Available data

_ _ _ _

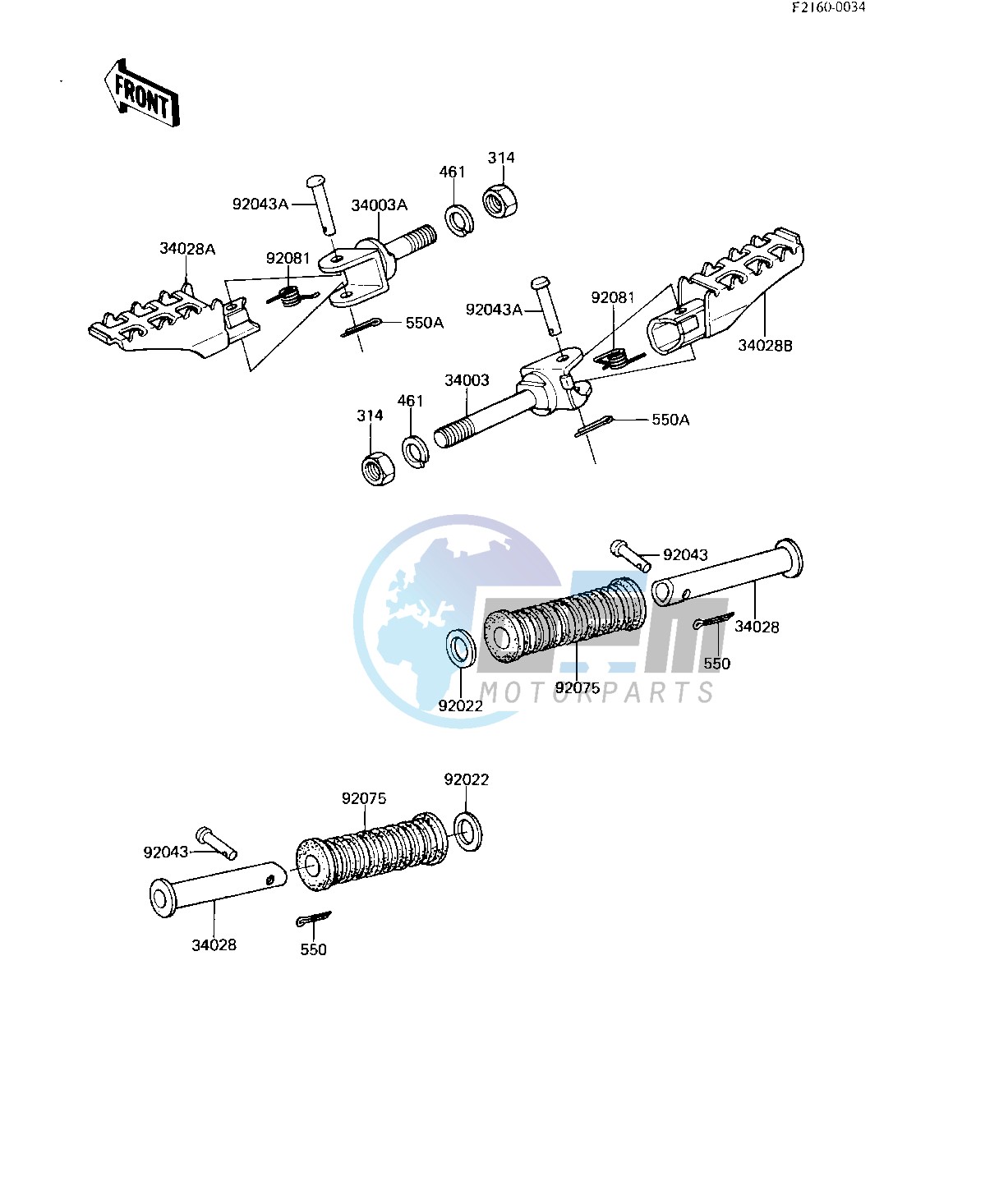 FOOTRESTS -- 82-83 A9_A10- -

_ _ _ _

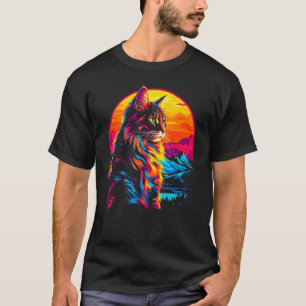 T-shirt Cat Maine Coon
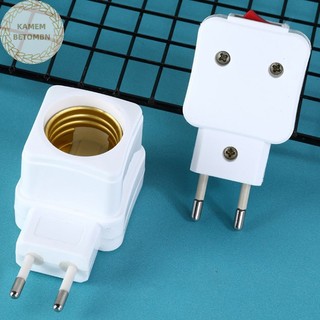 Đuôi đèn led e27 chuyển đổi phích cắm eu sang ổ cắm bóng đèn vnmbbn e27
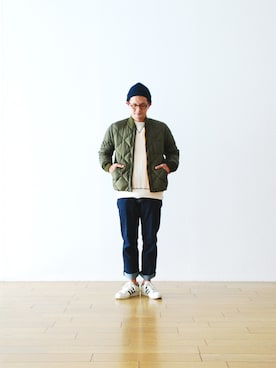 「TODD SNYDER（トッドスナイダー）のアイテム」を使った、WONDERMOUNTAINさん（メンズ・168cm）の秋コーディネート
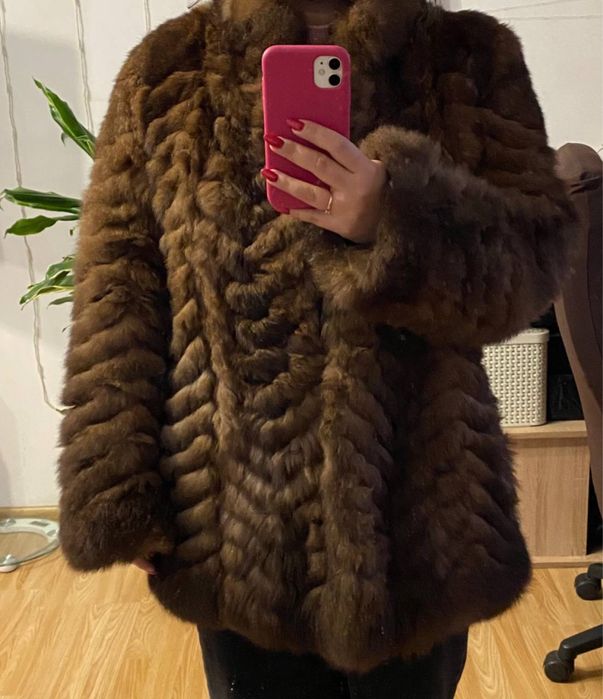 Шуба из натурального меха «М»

_ _ _ _

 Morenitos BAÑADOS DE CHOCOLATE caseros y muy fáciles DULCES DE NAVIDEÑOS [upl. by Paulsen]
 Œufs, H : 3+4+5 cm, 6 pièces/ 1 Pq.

_ _ _ _

Work instructions
Could you return exactly the lines above from the line with "Morenitos BAÑADOS DE" to the line with "Œufs, H : 3+4+5 cm, 6 pièces/ 1 Pq.", both included, and nothing else?

Written reply
 Morenitos BAÑADOS DE CHOCOLATE caseros y muy fáciles DULCES DE NAVIDEÑOS [upl. by Paulsen]
 Œufs, H : 3+4+5 cm, 6 pièces/ 1 Pq.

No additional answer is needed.